Yes there were portraits taken (many of which I’m incredibly proud of). Yes I shot plenty of family photos (an element of my work I tried to elevate this year). And yeah I did a lot of “basic shots” too (there’s nothing wrong with photos of table settings and rings and cutting the cake).
But when I look back at 2025, what I’m most grateful for is the freedom my couples gave me to photograph weddings my way.
And I felt that way evolve this year. A little looser. A little more confident. More observation, less shooting for the sake of shooting. Less time chasing moments; more time anticipating them, letting them arrive naturally, documenting.
The stylistic shifts were subtle but noticeable this year. Deeper depth of field. Working more with the light instead of fighting it. Getting closer. Always get closer.
What Makes Documentary Wedding Photography Different?
For me Documentary wedding photography isn’t about performing the wedding or manufacturing beautiful moments. It’s about observing the beauty that is already there. Sometimes that’s a wedding backdropped by a glorious Seattle sunset. But it’s often in the quotidian — a gesture or a half smile or the first moment of a hug.

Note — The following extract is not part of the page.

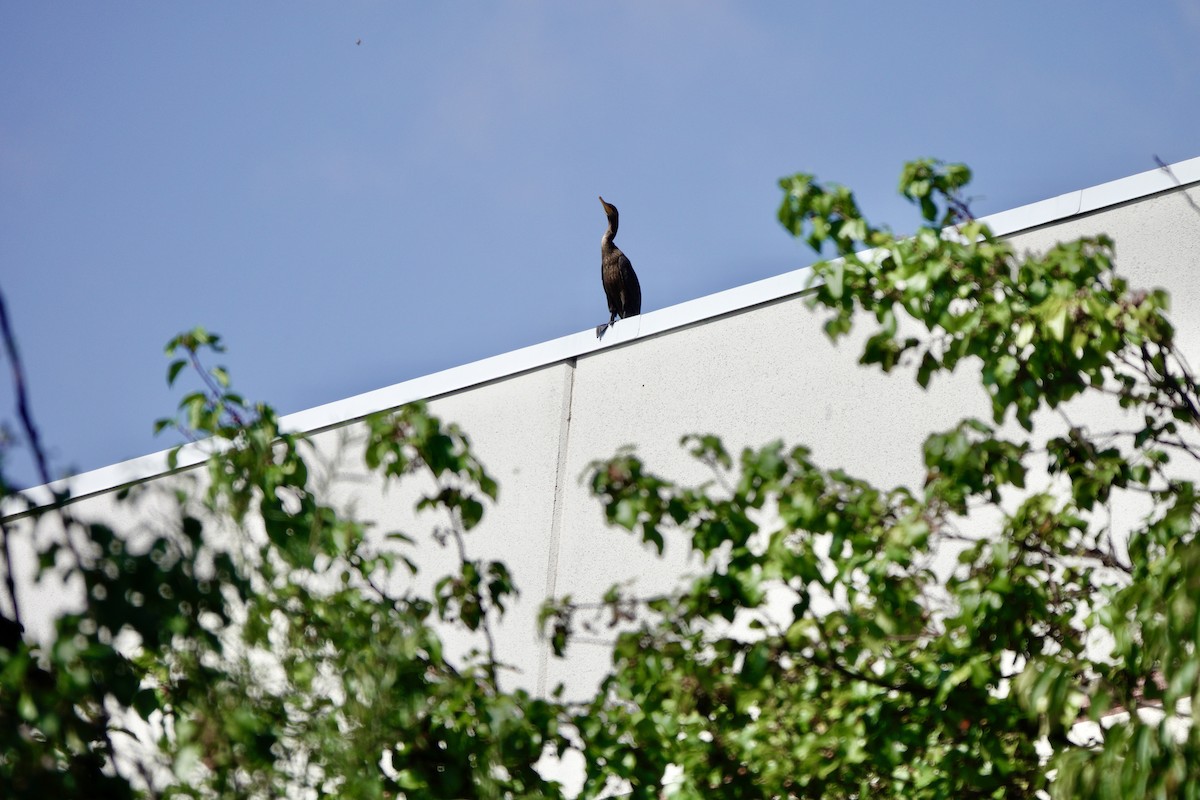 Double-crested Cormorant - ML642679396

This means I don’t stop to pose during emotional moments. I don’t pull people out of conversations for more photo time. I’ll never ask a couple to “do it again” or recreate something that already happened.

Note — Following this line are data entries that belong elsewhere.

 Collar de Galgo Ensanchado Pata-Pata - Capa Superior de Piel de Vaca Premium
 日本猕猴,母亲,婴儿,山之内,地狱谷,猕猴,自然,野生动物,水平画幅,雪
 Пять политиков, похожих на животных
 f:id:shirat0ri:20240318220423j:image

And no forced smiles or scripted intimacy.
Instead, I believe in quiet observation, anticipation, and perhaps most of all emotional literacy. Knowing when to be close enough to capture the moment, but far enough to let it unfold.
In a year where weddings felt more personal than ever, documentary photography felt like the natural way to tell those stories.
These images define my idea of what the my best documentary wedding photography represents. It’s not about being “on-trend” or “social media ready”. It’s about the real unscripted moments that will make couples laugh or cry twenty years from now.
The Best Documentary Wedding Photography: From Seattle to Olympic National Park
I can’t say enough about the beautiful experiences I had this year thanks to this little career. From waterfront wedding ceremonies interrupted by passing cruise ships, to sunset ceremonies on Ballard rooftops, to a summer camp themed wedding weekend in Olympic National Park where everyone felt like family by the second night. A quiet backyard celebrations in Bremerton. Raging parties in Queen Anne. So much love and so many hugs.
Each photo in this collection was chosen for how it made me feel — not how it performed on social media.
For my photography feeling is the only metric that matters.